V. Le Biez sug­gère qu’un ensei­gne­ment de culture scien­ti­fique soit dis­pen­sé y com­pris après la seconde géné­rale, de la même manière qu’un ensei­gne­ment lit­té­raire est dis­pen­sé en filière scientifique.

« Cet ensei­gne­ment serait non quan­ti­ta­tif et orien­té vers la com­pré­hen­sion géné­rale du monde afin de four­nir aux élèves des élé­ments objec­tifs qui leur per­met­tront d’af­fron­ter les débats de socié­té autour de sujets scien­ti­fiques (bioé­thique, OGM, éner­gie nucléaire…). Il per­met­trait éga­le­ment à ceux qui se des­tinent à deve­nir pro­fes­seur de ne pas arrê­ter l’ap­pren­tis­sage des sciences en seconde, sans connaître les fon­de­ments de la géné­tique, de l’im­mu­no­lo­gie, des forces et de la dyna­mique en phy­sique, de la for­ma­tion des océans en géologie… »

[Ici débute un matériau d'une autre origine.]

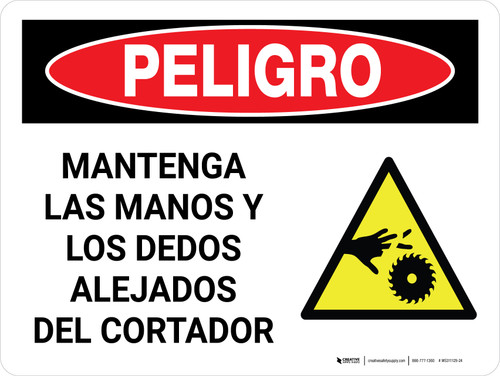 Peligro - Máquina Cortadora de Manos y Dedos Horizontal - Wall Sign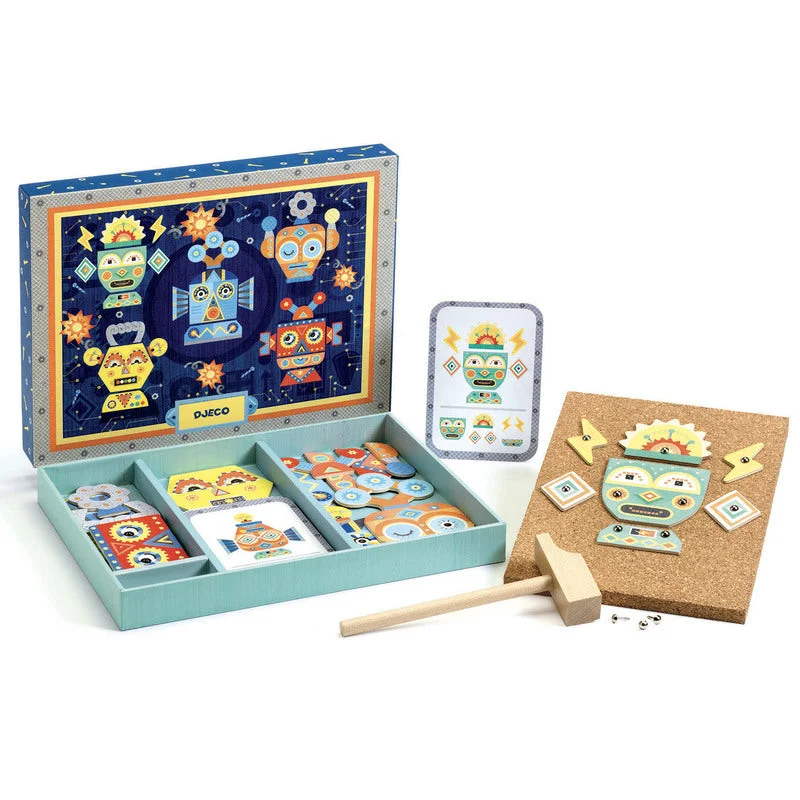Wooden animal figurines for nature - themed play​ Djeco Robots Tap Tap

Les débats sur les sciences sont tenus par les jeunes X avec les ensei­gnants dans des stages de for­ma­tion, et ils notent l’i­mage dégra­dée de la science, à tra­vers deux per­cep­tions – d’ailleurs assez liées – qu’ont ces enseignants

• La science qui « fait peur » (OGM, nucléaire, télé­phone por­table…) ; l’i­dée que l’in­ter­ven­tion de l’homme dans la nature est dan­ge­reuse est lar­ge­ment répan­due. « Beau­coup ont une vision « reli­gieuse » de la nature qui, par essence, ferait bien les choses tan­dis que l’homme ne pour­rait que déré­gler cette mer­veilleuse horlogerie. »

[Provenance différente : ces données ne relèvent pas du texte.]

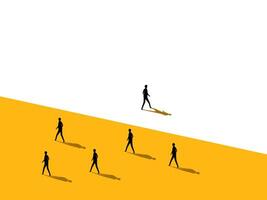 Difference and distinctiveness. businessman walking away from the crowd vector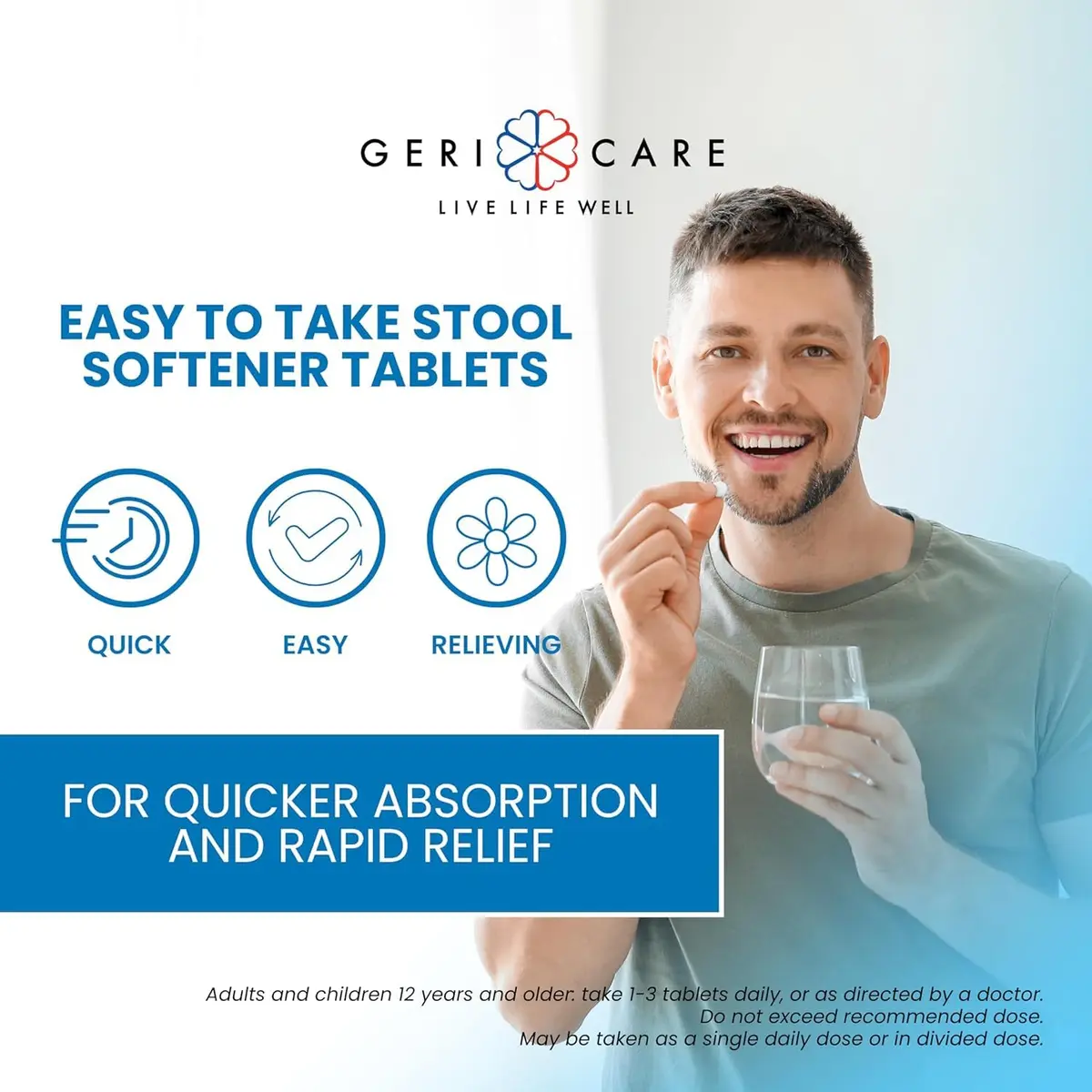 GeriCare Docusate Sodium Stool Softeners 100mg | Daily Relief for Women, Men & Elderly - view 4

• Le rela­ti­visme total, où cha­cun vient avec ses opi­nions, dis­cute puis repart avec : en sciences, toutes les opi­nions ne se valent pas du moment qu’elles sont un tant soit peu argu­men­tées, les opi­nions de cha­cun sont confron­tées aux faits, et ceux-ci sont têtus. « Au cours d’une de ces dis­cus­sions, une ensei­gnante a repro­ché aux scien­ti­fiques pré­sents d’être étroits d’es­prit et into­lé­rants au motif qu’ils réfu­taient de manière un peu trop insis­tante à son goût des idées avec les­quelles ils étaient en désaccord. »

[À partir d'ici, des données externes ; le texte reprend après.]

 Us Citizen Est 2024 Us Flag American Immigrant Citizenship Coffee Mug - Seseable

Béné­fique pour les X concer­nés, créant un pont entre l’É­cole poly­tech­nique et l’É­du­ca­tion natio­nale, cette coopé­ra­tion avec La main à la pâte par­ti­cipe au rayon­ne­ment de l’X, et à une évo­lu­tion pro­gres­sive des méthodes d’en­sei­gne­ment des sciences à l’école.